Extract the lines beginning at the one that holds "#crowdfunding and How" and ending at the final line of the material below, keeping them exact and leaving out all pictures.

(TASK INPUT Opens)

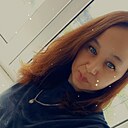 Guzel, 32 года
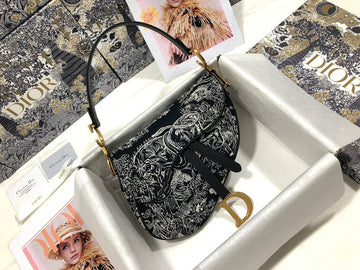 MLB - DOR Lady Bags - 456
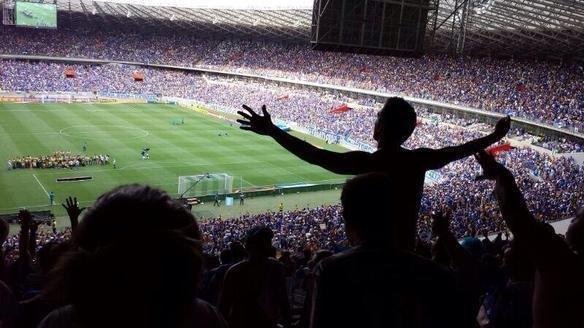 Leandro Dilscio de Andrade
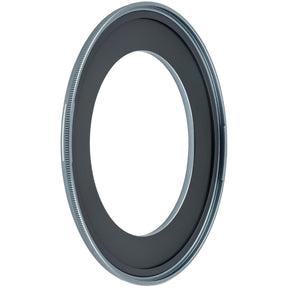 NiSi JetMag Pro 52mm-67MAG Magnetic Adaptor Ring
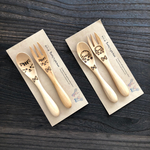 NEW‼️子供セット☆動物シリーズ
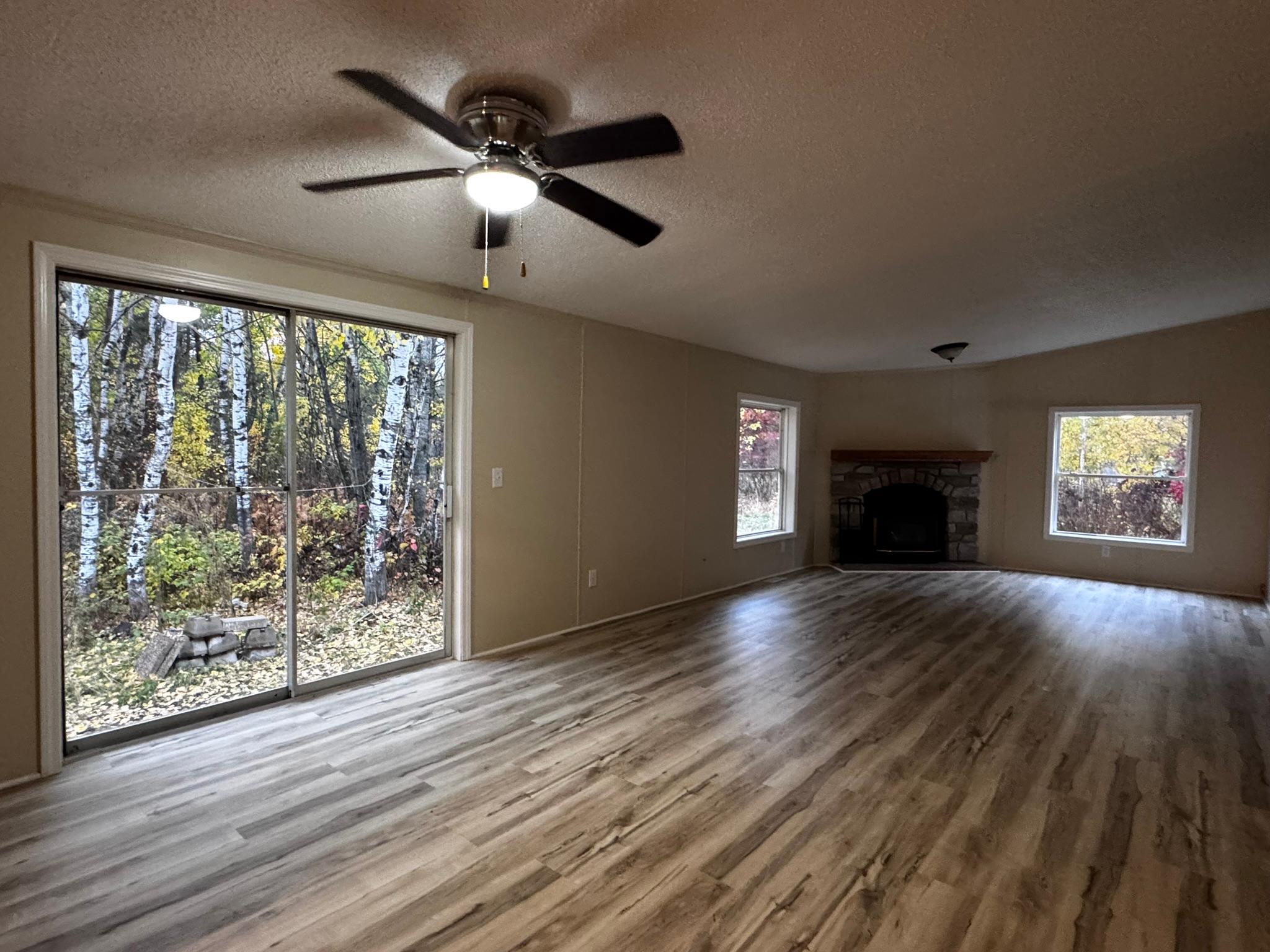 1999 single family home for sale at 7205 Belmont Street NW in Bemidji, MN — 3 bed, 2 bath (photo 17 of 28)
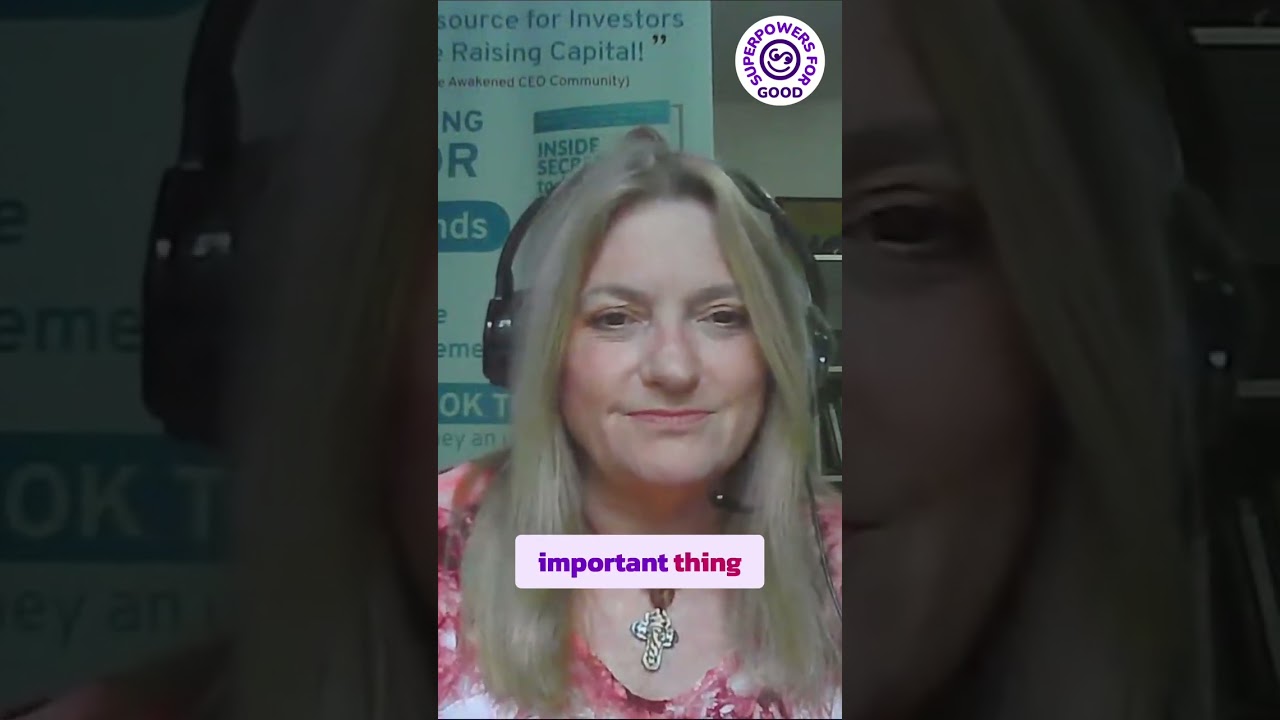 #crowdfunding and How SuperCrowd24 is on a Mission to Create Wealth for Entrepreneurs and Investors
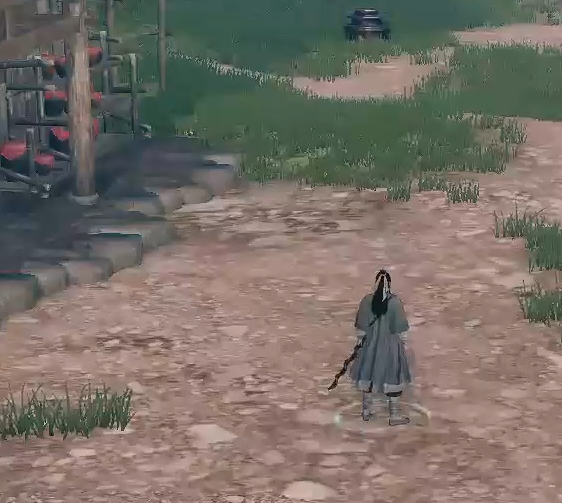 下一站江湖2龙象般若功怎么获得1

(TASK INPUT Closes)

- SOLUTION TO THE EXERCISE:
 #crowdfunding and How SuperCrowd24 is on a Mission to Create Wealth for Entrepreneurs and Investors
 下一站江湖2龙象般若功怎么获得1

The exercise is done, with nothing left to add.